Theoretical spin transport analysis for a spin pseudovalve-type $\mathrm{L}_j$/semiconductor/$\mathrm{L}_j$ trilayer (with $\mathrm{L}_j$ = ferromagnetic)

In this work, a theoretical study of spin transport in a pseudovalve spin (PSV) heterostructure is conducted. For the semiconductor (SC), the conduction band at the $\Gamma$ point of reciprocal space and spin-orbit coupling (SOC) are considered. For the ferromagnetic (FM) electrodes on the left ($l$) and right ($r$), the internal exchange energy ($\Delta_j$, where $j = \left(l,r\right)$) and the magnetization normal vector ($\mathbf{n}_j$) on the barrier plane are taken into account. An analytical expression for the transmission probability as a function of $\mathbf{n}_j$ direction was obtained from the {\em Schr\"odinger-Pauli} equations with the boundary conditions.
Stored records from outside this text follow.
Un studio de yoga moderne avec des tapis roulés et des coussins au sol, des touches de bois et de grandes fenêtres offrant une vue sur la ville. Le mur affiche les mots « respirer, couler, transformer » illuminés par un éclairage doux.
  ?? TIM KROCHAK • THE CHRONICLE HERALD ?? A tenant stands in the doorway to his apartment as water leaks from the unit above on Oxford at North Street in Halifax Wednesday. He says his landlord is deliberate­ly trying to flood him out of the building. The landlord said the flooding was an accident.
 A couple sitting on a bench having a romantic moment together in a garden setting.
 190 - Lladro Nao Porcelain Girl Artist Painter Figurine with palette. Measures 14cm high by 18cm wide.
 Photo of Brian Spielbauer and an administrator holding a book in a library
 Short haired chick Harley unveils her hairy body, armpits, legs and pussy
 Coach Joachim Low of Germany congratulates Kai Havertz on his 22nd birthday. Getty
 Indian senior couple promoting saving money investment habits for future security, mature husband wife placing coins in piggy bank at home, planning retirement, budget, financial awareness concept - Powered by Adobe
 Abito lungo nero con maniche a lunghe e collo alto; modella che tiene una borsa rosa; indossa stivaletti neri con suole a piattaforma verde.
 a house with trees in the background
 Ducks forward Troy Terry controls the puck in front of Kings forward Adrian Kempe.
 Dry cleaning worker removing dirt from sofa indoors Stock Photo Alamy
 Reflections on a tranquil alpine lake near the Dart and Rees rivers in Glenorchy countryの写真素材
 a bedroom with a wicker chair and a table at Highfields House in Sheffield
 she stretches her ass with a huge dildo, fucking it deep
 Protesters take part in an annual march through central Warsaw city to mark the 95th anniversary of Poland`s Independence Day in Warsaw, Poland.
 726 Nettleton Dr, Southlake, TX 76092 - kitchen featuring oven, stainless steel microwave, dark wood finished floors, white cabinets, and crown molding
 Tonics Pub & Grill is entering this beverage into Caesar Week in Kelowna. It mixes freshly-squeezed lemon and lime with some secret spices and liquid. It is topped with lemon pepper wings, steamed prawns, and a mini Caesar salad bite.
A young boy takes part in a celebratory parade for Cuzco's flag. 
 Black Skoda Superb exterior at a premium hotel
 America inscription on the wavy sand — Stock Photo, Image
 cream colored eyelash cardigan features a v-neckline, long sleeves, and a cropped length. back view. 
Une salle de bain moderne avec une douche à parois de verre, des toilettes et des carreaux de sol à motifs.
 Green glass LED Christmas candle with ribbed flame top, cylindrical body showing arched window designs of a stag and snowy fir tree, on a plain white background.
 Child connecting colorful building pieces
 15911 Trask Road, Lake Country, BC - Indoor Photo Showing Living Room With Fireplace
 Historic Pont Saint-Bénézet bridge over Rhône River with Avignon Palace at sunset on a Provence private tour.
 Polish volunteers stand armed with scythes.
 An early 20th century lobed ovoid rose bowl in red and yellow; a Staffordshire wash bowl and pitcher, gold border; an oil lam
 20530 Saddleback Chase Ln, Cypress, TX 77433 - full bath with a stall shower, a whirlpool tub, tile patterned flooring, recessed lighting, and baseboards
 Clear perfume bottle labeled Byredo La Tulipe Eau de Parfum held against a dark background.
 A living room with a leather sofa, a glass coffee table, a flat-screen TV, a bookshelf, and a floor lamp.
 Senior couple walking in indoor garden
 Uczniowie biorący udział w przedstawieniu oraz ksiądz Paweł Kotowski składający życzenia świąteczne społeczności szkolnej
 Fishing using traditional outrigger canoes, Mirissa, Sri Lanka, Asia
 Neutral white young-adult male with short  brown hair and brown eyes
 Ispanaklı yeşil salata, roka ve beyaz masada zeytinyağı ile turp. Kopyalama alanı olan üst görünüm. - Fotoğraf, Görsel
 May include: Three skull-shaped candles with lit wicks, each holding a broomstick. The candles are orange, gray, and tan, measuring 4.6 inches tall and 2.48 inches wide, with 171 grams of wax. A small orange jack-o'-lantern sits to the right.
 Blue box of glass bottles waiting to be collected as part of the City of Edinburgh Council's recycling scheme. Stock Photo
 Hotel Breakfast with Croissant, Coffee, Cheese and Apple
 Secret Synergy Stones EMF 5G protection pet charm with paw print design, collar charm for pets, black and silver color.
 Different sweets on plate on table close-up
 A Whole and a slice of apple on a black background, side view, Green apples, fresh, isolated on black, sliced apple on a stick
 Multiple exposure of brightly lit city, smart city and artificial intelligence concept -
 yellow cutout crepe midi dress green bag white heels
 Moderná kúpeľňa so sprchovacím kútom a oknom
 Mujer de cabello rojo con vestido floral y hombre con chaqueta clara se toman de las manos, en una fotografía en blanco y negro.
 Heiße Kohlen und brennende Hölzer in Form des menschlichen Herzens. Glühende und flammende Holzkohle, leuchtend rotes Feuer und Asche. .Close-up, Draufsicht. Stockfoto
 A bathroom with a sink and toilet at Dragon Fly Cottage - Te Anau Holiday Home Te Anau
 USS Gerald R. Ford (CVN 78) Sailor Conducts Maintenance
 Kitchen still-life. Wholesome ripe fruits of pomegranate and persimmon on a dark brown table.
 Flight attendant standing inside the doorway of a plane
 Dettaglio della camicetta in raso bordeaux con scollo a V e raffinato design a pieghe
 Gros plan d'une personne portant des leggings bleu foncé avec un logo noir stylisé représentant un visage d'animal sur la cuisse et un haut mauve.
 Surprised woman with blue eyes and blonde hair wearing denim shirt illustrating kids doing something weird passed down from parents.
Furthermore, the tunnel magnetoresistance (TMR) at T $\approx$ 0 K was calculated, depending on the direction of the crystallographic axis favoring the magnetization ($\theta_m$) of the FM and the thickness of the SC, using the {\em Landauer-B\"{u}ttiker} formula for a single channel. It is observed that the TMR reaches its maximum value when the $\mathbf{n}_l$ direction is parallel to $\theta_m$. Applying this physico-mathematical model to the Fe/SC/Fe PSV, with SC as GaAs, GaSb, and InAs, it was found that the {\em Dresselhaus} SOC does not significantly contribute to the TMR.